Citroën has plenty of takes on the small car theme, but the Citroën C3 is what you’d consider its regular supermini. Prior to the current model, the previous C3 stretched back to 2002, before which were the Saxo and AX, although it’s difficult not to think of them, and the Saxo particularly, as small compared with the C3. To find a Citroën supermini with the feeling of spaciousness that the C3 gives, you have to go back to the Visa of 1978.

The C3 is a hugely significant car for Citroën. It’s the company’s biggest-selling small car and, in spite of the C1, C3 Picasso and DS 3, its bread-and-butter supermini. Sure, we’ve been charmed by the DS 3 and C3 Picasso, but it’s the regular C3 hatchback that has to do the volume. It's ugly duckling charms may of left many potential buyers feeling cold, but the 2017 generation certainly won't with its cheeky looking exterior finished with the same Airbump technology that can be found on the C4 Cactus.

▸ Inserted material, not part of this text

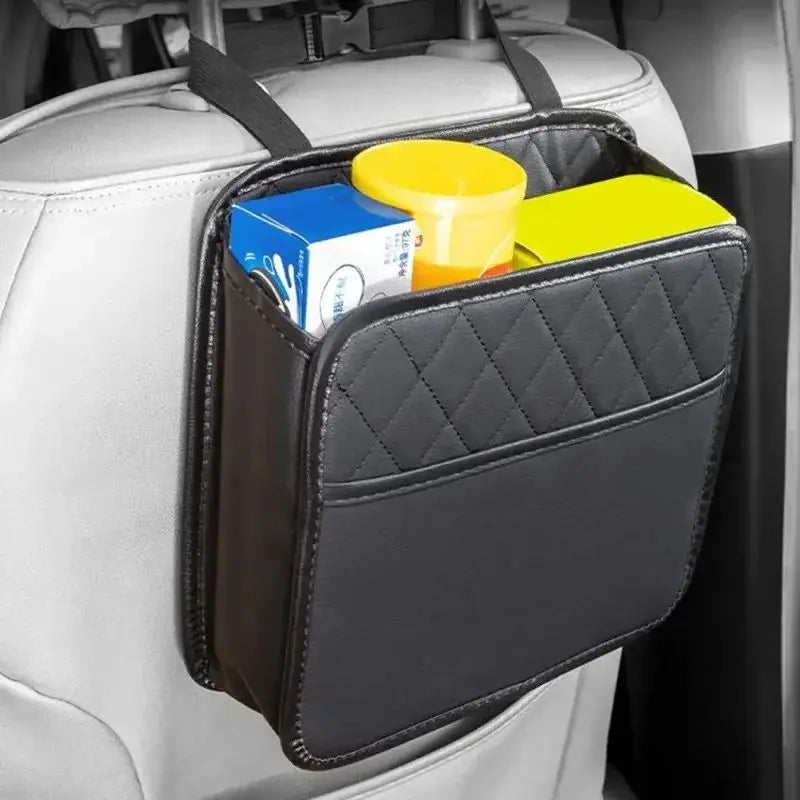 Car seat organizer with items inside attached to a car seat.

The current C3 still comes in five-door form only, with the super-stylish three-door DS3 taking care of three-door business. The previous car’s three-door variant, dubbed C2, had a very disparate appearance as the DS3 does now, but with a very different attitude. And this theory has remained the same with the next gen C3 remaining a five-door car while the DS 3 is only available with three-doors.

The C3 range starts with a 65bhp 1.0-litre three-cylinder petrol model, moving up through 81 and 108bhp 1.2 Puretech units. Two diesels: a 74bhp and 99bhp 1.6s complete the picture.

As is the norm, there’s an eco model with start-stop technology which produces a mere 87g/km, a large improvement on the model which propped up the range previously. In spite of the 1.6-litre models in the line-up, the Citroën C3 is more luxury orientedany sporty pretensions are left to the DS3.